Task item
Leave every picture out. Set down all the lines below exactly.

Short web captions
------------

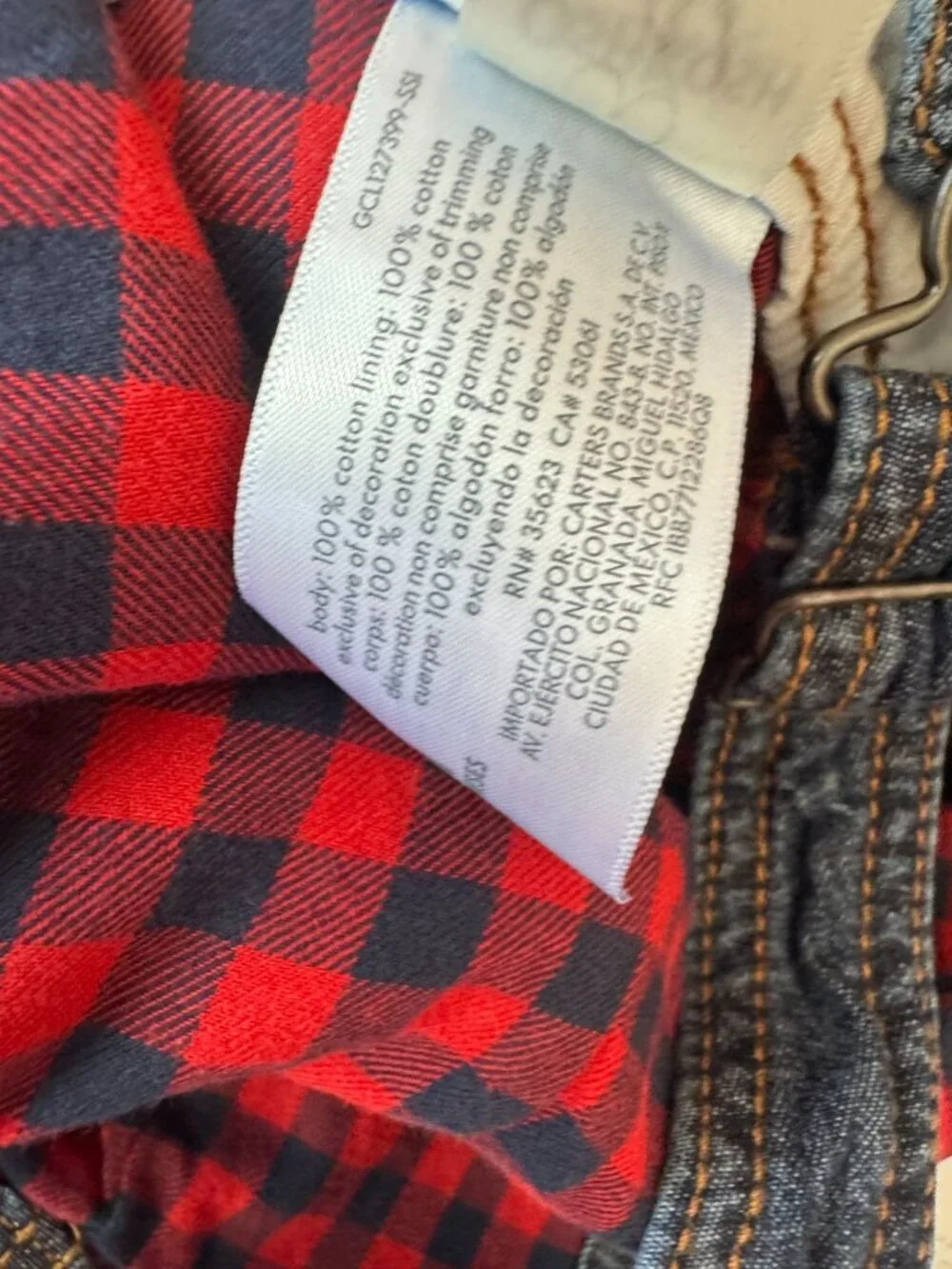 OshKosh Bgosh Denim Overalls Toddlers Red Buffalo Plaid Lined Kid Size 24 Months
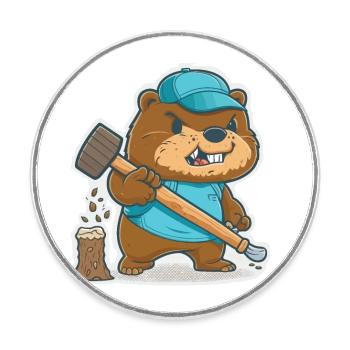 Beavers Build - Round  fridge magnet - white - Front
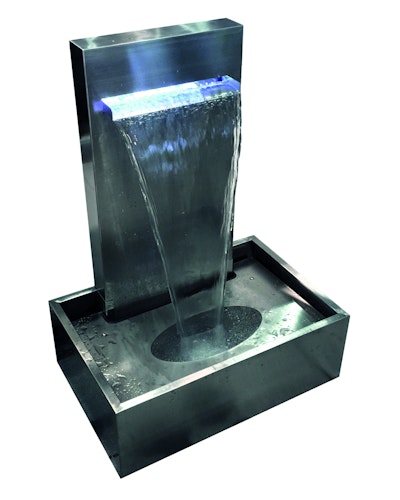 Gardenforma Edelstahl Wasserfall Galton inkl. Pumpe und LED Beleuchtung Bild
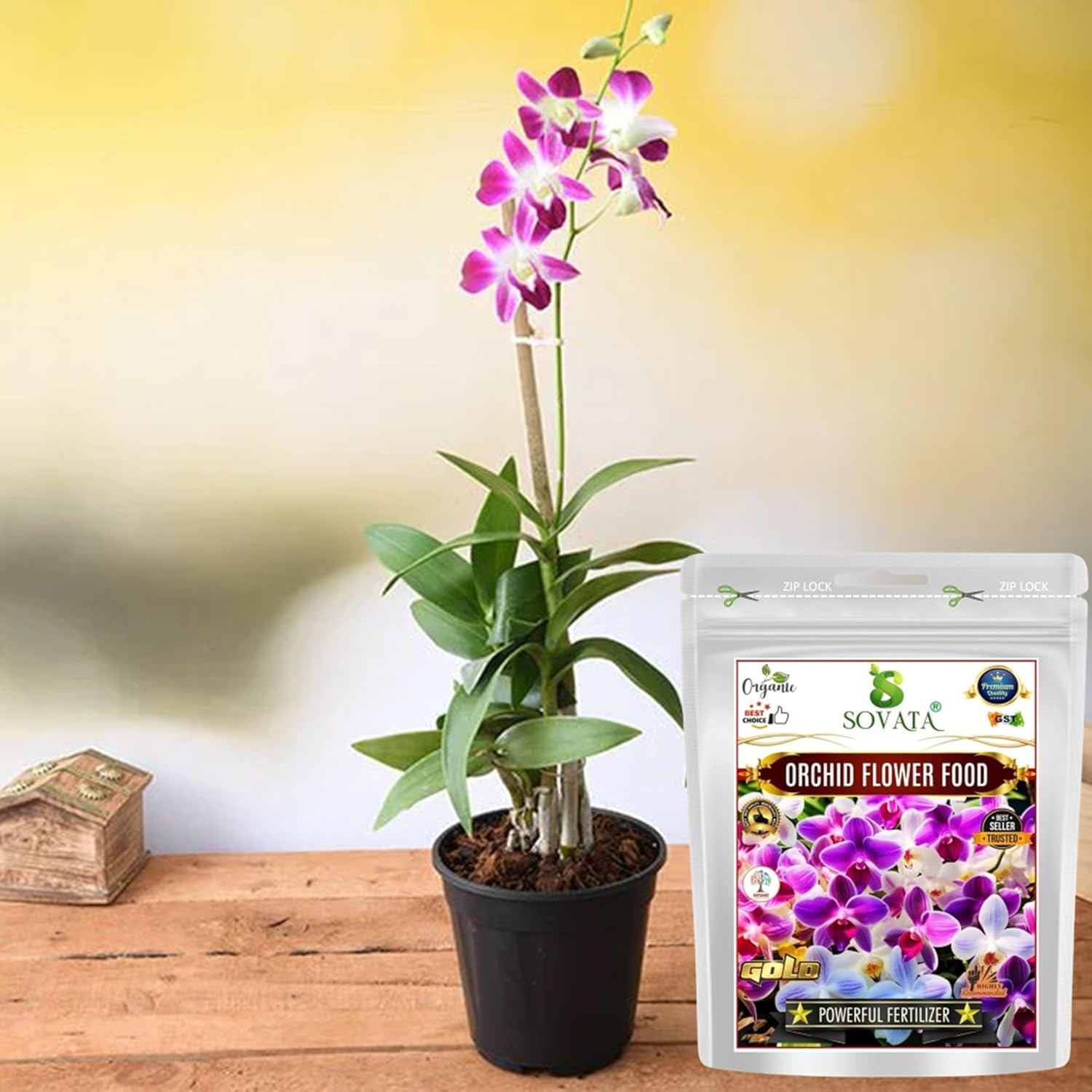 Sovata® Orchid Flower Food, Powerful Organic Fertilizer for heavy flowering and fast growth of Orchid Plants. (400 gm)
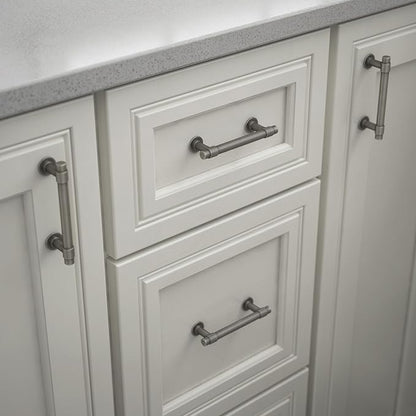 Franklin Brass - Francisco Heirloom Silver Cabinet Handles 3 Inch (3") Hole Center Pulls | Easy Install, Durable Hardware for Kitchen Cabinet Door, Drawers, Dresser Pull, Furniture (10 Pack)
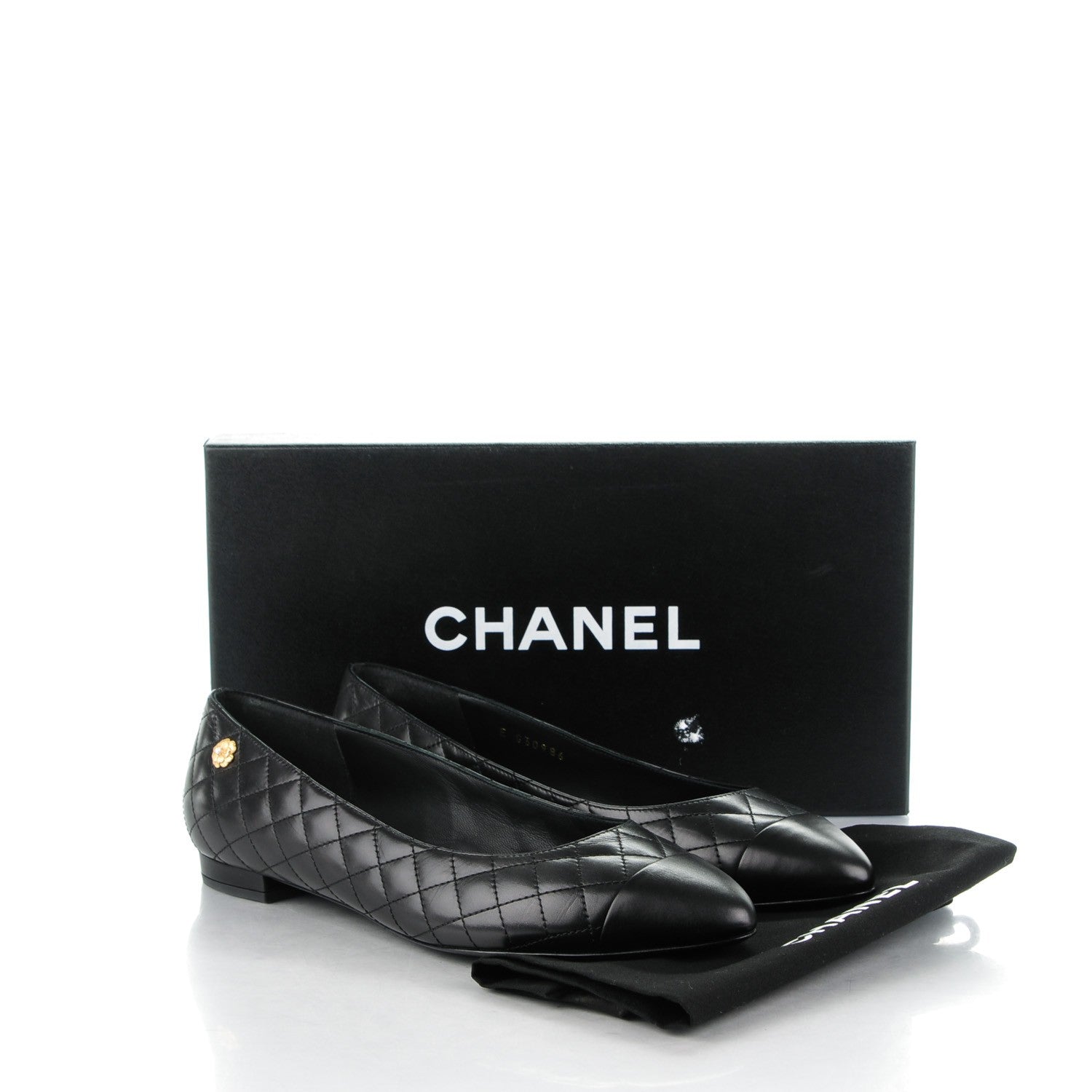 Chanel Lambskin Quilted Cap Toe Ballerina Flats 39.5 Black 9 of 9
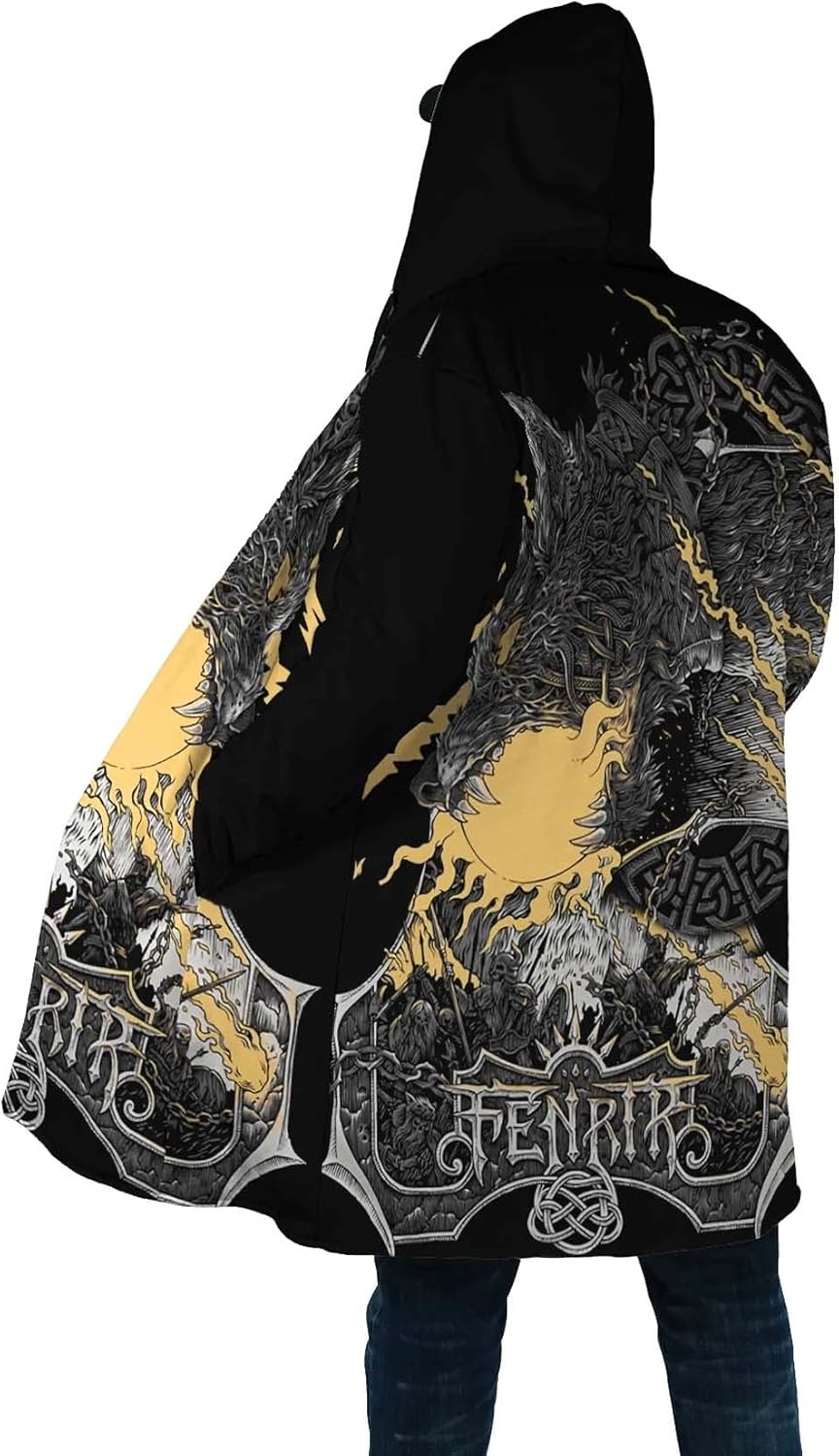 Ragnarok Fenrir Wolf Men's winter thickened warm lambswool hooded parka Viking Mythology Casual Parker Jacket outerwear (Color : Vegvisir, Size : X-Large)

------------

Completed exercise
 OshKosh Bgosh Denim Overalls Toddlers Red Buffalo Plaid Lined Kid Size 24 Months
 Beavers Build - Round  fridge magnet - white - Front
 Gardenforma Edelstahl Wasserfall Galton inkl. Pumpe und LED Beleuchtung Bild
 Sovata® Orchid Flower Food, Powerful Organic Fertilizer for heavy flowering and fast growth of Orchid Plants. (400 gm)
 Franklin Brass - Francisco Heirloom Silver Cabinet Handles 3 Inch (3") Hole Center Pulls | Easy Install, Durable Hardware for Kitchen Cabinet Door, Drawers, Dresser Pull, Furniture (10 Pack)
 Chanel Lambskin Quilted Cap Toe Ballerina Flats 39.5 Black 9 of 9
 Ragnarok Fenrir Wolf Men's winter thickened warm lambswool hooded parka Viking Mythology Casual Parker Jacket outerwear (Color : Vegvisir, Size : X-Large)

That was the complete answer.